Receipt shall mean one of the Depositary Receipts, substantially in the form set forth as Exhibit A hereto, issued hereunder, whether in definitive or temporary form and

 

- 1 -


evidencing the number of Depositary Shares held of record by the record holder of such Depositary Shares.

 

record holder or holder as applied to a Receipt shall mean the person in whose name a Receipt is registered on the books of the Depositary maintained for such purpose.

 

Registrar shall mean the Depositary or such other bank or trust company which shall be appointed to register ownership and transfers of Receipts as herein provided.

 

Securities Act shall mean the Securities Act of 1933, as amended.

 

Stock shall mean shares of the Companys 7.20% Cumulative Preferred Stock, Series M, stated value $25,000 per share.

 

ARTICLE II

 

Form of Receipts, Deposit of Stock,

Execution and Delivery, Transfer,

Surrender and Redemption of Receipts

 

SECTION 2.1 Form and Transfer of Receipts.
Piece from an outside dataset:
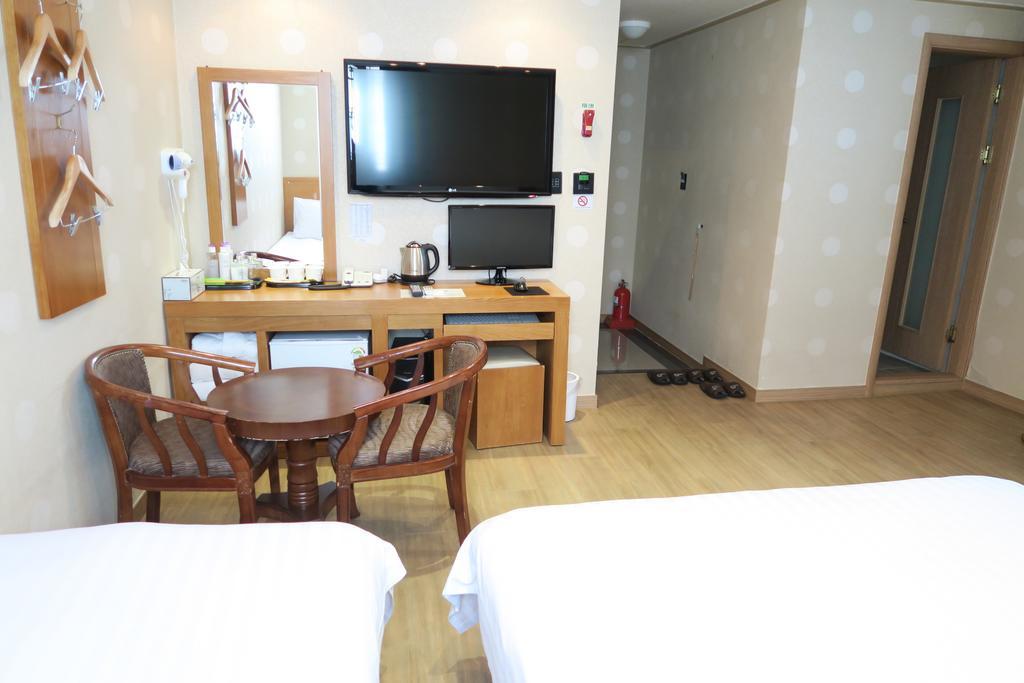 Gs Hotel Jongno Seoel Buitenkant foto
Definitive Receipts shall be engraved or printed or lithographed on steel-engraved borders, with appropriate insertions, modifications and omissions, as hereinafter provided, if and to the extent required by any securities exchange on which the Receipts are listed. Pending the preparation of definitive Receipts or if definitive Receipts are not required by any securities exchange on which the Receipts are listed, the Depositary, upon the written order of the Company or any holder of Stock, as the case may be, delivered in compliance with Section 2.2, shall execute and deliver temporary Receipts which are printed, lithographed, typewritten, mimeographed or otherwise substantially of the tenor of the definitive Receipts in lieu of which they are issued and with such appropriate insertions, omissions, substitutions and other variations as the persons executing such Receipts may determine, as evidenced by their execution of such Receipts. If temporary Receipts are issued, the Company and the Depositary will cause definitive Receipts to be prepared without unreasonable delay. After the preparation of definitive Receipts, the temporary Receipts shall be exchangeable for definitive Receipts upon surrender of the temporary Receipts at the Depositarys Office or at such other place or places as the Depositary shall determine, without charge to the holder. Upon surrender for cancellation of any one or more temporary Receipts, the Depositary shall execute and deliver in exchange therefor definitive Receipts representing the same number of Depositary Shares as represented by the surrendered temporary Receipt or Receipts. Such exchange shall be made at the Companys expense and without any charge to the holder therefor. Until so exchanged, the temporary Receipts shall in all respects be entitled to the same benefits under this Agreement, and with respect to the Stock, as definitive Receipts.